New Music on 2SER 14/06/21
Image: Karen Murphy
Welcome to the new music review where we connect you with some of the best new music spinning on Breakfast, The Daily and Drive programs.
ALBUMS / EP:
Sleater Kinney – Path Of Wellness (FEATURE ALBUM)
Greentea Peng – MAN MADE
Jonny Kosmo – Pastry
Marina Allen – Candlepower
Mndsgn – Rare Pleasure
Quivers – Golden Doubt
Restless Leg – Dream Buffet
Second Idol – Defence Mechanisms (EP)
Al Matcott – Mediocre
Curtis Harding – Hopeful
E for Echo – Killing Time
Lady King – Tease Me
Meteor Infant – Scarecrow
Nick Garbett & Mike Majkowski – Mid Mountains
Sleater-Kinney are in a weird space. On 2019’s The Center Won’t Hold, the trio shifted their sound away from angular guitar riffs towards a more stylised synth-rock with the help of St Vincent’s Annie Clark. But before the album was released, longtime drummer Janet Weiss suddenly quit the band, seemingly as a form of protest against the use of a drum machine. Now the remaining duo, Corin Tucker and Carrie Brownstein, are left to reinvent themselves again. The route they’ve taken on Path of Wellness is to go back to the back-and-forth vocals and janky indie rock of their ’90s and ’00s records. This retreat to an older, safer sound is inevitably somewhat deflating, as the correction comes off as an apology for the last record. But the chemistry between Tucker and Brownstein’s guitars and vocals are undeniable and sound as as good as ever.
LA beat producer Mndsgn (Ringgo Anchetta) throws his hat into the break-up album game with Rare Pleasure. Working with a live band, including singer Anna Wise and string arranger Miguel Atwood-Ferguson, this is the most personal and emotional Anchetta has been, with his vocals clear and front-and-centre. So far gone from his instrumental beat tapes, the Rare Pleasure sounds more like a singer-songwriter record, with Anchetta on piano set to dense arrangements of strings, harp, and choirs.

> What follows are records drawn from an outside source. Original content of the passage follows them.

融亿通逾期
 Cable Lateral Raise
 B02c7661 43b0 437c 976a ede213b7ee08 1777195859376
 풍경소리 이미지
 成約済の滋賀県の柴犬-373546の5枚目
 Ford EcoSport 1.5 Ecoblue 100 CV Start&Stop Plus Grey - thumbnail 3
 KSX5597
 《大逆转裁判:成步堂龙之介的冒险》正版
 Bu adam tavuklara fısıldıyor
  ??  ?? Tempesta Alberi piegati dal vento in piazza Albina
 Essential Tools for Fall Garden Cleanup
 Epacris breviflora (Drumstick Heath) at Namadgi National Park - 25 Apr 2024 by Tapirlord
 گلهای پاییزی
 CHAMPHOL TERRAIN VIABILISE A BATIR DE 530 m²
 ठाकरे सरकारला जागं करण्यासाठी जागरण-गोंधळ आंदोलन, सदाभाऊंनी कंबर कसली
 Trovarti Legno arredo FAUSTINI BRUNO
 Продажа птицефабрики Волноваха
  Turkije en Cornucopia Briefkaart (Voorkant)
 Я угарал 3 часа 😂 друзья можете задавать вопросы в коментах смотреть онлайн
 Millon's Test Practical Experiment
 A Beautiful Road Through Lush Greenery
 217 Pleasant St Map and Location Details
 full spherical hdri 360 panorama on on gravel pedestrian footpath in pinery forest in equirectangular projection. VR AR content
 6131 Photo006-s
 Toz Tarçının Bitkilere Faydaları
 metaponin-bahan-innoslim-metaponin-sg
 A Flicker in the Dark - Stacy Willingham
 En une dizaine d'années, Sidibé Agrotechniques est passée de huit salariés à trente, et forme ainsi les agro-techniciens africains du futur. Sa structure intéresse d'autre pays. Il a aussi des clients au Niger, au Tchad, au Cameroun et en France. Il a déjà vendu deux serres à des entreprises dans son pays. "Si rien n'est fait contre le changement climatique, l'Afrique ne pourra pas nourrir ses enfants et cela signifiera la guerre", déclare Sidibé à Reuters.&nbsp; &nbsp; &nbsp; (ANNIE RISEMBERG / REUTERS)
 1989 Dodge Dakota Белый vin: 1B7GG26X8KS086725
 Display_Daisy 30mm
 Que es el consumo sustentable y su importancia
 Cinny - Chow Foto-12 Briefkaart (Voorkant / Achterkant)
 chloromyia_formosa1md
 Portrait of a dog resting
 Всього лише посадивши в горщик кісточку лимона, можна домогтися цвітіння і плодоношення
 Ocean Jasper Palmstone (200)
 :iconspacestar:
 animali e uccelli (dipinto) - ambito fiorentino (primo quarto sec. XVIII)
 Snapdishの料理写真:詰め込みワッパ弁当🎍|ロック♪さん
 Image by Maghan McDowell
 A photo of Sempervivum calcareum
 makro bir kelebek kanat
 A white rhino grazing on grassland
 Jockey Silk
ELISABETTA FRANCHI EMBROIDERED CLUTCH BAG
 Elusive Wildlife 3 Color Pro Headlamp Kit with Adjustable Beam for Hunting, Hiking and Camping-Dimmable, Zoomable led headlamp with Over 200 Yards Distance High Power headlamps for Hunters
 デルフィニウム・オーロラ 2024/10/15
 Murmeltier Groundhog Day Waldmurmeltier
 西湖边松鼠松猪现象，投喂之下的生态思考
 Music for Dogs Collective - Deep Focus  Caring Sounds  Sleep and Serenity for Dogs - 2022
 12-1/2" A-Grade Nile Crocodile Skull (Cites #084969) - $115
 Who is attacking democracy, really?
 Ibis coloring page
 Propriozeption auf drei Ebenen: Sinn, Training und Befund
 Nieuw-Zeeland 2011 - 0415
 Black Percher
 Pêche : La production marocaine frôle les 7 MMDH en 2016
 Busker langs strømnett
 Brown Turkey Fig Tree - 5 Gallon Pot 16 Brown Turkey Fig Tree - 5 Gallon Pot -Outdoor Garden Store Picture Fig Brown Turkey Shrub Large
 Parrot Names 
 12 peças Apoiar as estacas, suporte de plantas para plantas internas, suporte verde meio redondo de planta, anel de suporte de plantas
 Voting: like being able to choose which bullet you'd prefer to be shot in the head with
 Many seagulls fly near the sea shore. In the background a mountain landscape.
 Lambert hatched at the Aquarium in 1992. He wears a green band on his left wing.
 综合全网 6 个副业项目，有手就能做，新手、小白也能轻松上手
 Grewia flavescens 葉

Early press about Los Angeles singer-songwriter Marina Allen’s debut album Candlepower has pigeonholed her as a Carole King/Joni Mitchell pastiche. And while Allen very much wears her ’70s Laurel Canyon influences on her sleeve, with her acoustic guitar balladry sounding straight from that period, the reviews underestimate her. Turn to dissonant horns and strings on album highlight ‘Belong Here’, or the double-tracked spoken word on ‘Believer’, and you hear an artist constantly building and innovating on top of older styles.